The truth is that there is no such thing as sustainable palm oil for Biofuels. Arguably oil for cooking and human consumption might be seen as being sustainable but for cars and the diesel engines of the world, definitely not. Just the sheer extent of land needed to fuel international demand makes it an impossible proposition. Sooner or later humanity will have to choose between its machines or its own survival.
Wouldn’t it be better and more efficient to use human fat to make biofuels? There are enough obese reserves in the streets of any European city without having to import oils from faraway places. Only a few decades ago such manufacturing skills were perfected in the heart of what is now the European Union, although the preferred end product was soap. So, it’s not for lack of technology. The two options are clearly crimes against humanity. Jean Ziegler, UN special rapporteur on the right to food confirmed this in 2007 at UN HQ, New York. When will they learn?
The only sure known way of climate regulation and carbon sequestering, is to plant trees, real trees, and to conserve natural tropical forests. Oil palms do little to sequester carbon (50-90% less than tropical forests over 20 years), or cool the climate. As for stabilizing the water table the oil palm solves this by drinking it all itself! Levelling forests for oil palm releases huge quantities of carbon. When plantations are planted on peatlands, even vaster quantities of carbon and methane are released as the land is drained. On exposure to air, peat rapidly oxidizes, decomposes and releases disastrous amounts of carbon dioxide and methane. Methane is about 20 times stronger than carbon dioxide as a greenhouse gas.
Moreover the production of one ton of palm oil results in carbon dioxide emissions of up to 33 tons (9tons carbon) roughly ten times that in the production of ordinary diesel. Added to this are the damaging use of fertizilers and the methane emissions of the palm oil production process. But the most criminal aspect is the loss of tropical forests cleared for plantation planting.

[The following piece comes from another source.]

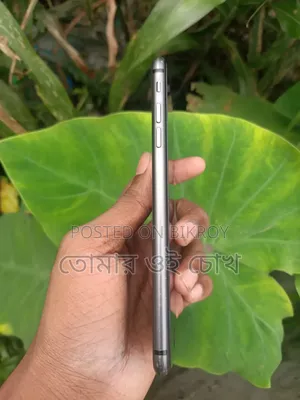 Apple iPhone 8 Plus 64 GB Black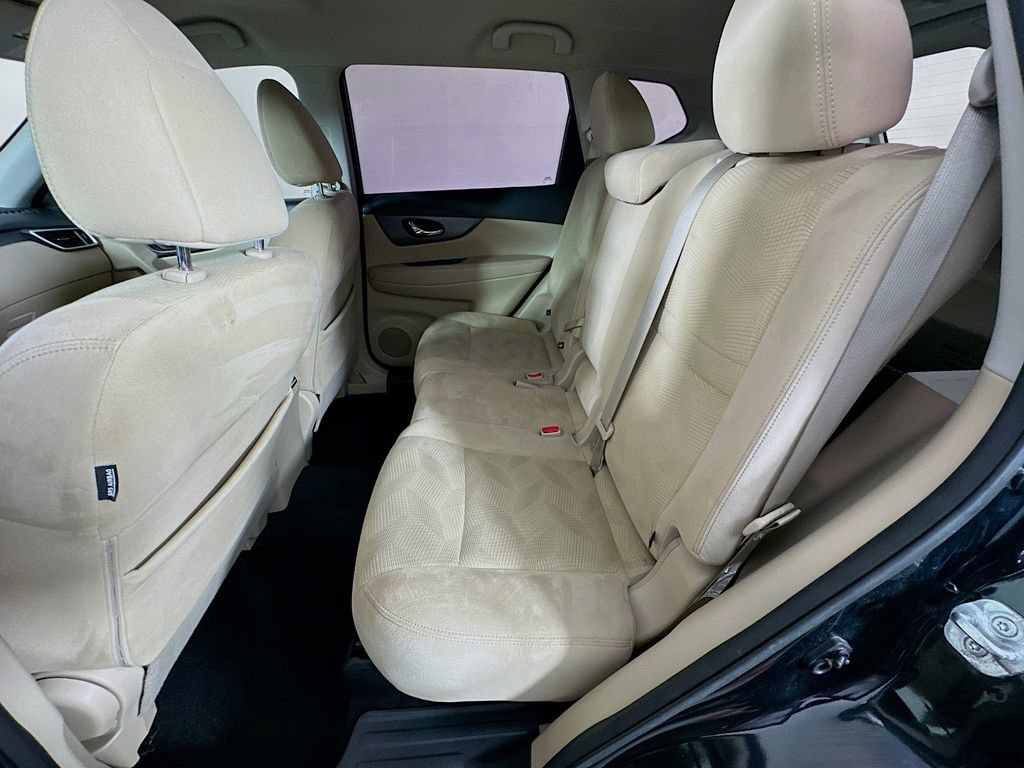 Used 2016 Nissan Rogue S FWD image 27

If European society claims to be a knowledge based society then it is severely in self denial as it condones the destruction of the rainforests in favour of biofuels from palm oil. For the most valuable commodity of the tropical rainforests is just that: knowledge. Only 1% of the chemical components of forest plants has been catalogued, whereas 25% of prescription drugs derive directly or indirectly by synthesis from tropical forests. The forests constitute a real working model of how ecosystems interact and affect the global ecology, balance and climate, of which little is known. But we do know that to cut them down heats the climate, reduces rainfall, diminishes oxygenization, releases carbon and lessens carbon absorbtion. All this to feed your car and make the fabulously rich handful of companies richer and richer….and spit in the face of the Almighty, as we burn thousands of books of the as yet unwritten knowledge of the future. Indeed such knowledge may save us. Or is the folly of man inevitable, as we all leap like lemmings off the pages of history driving our biodiesel powered cars?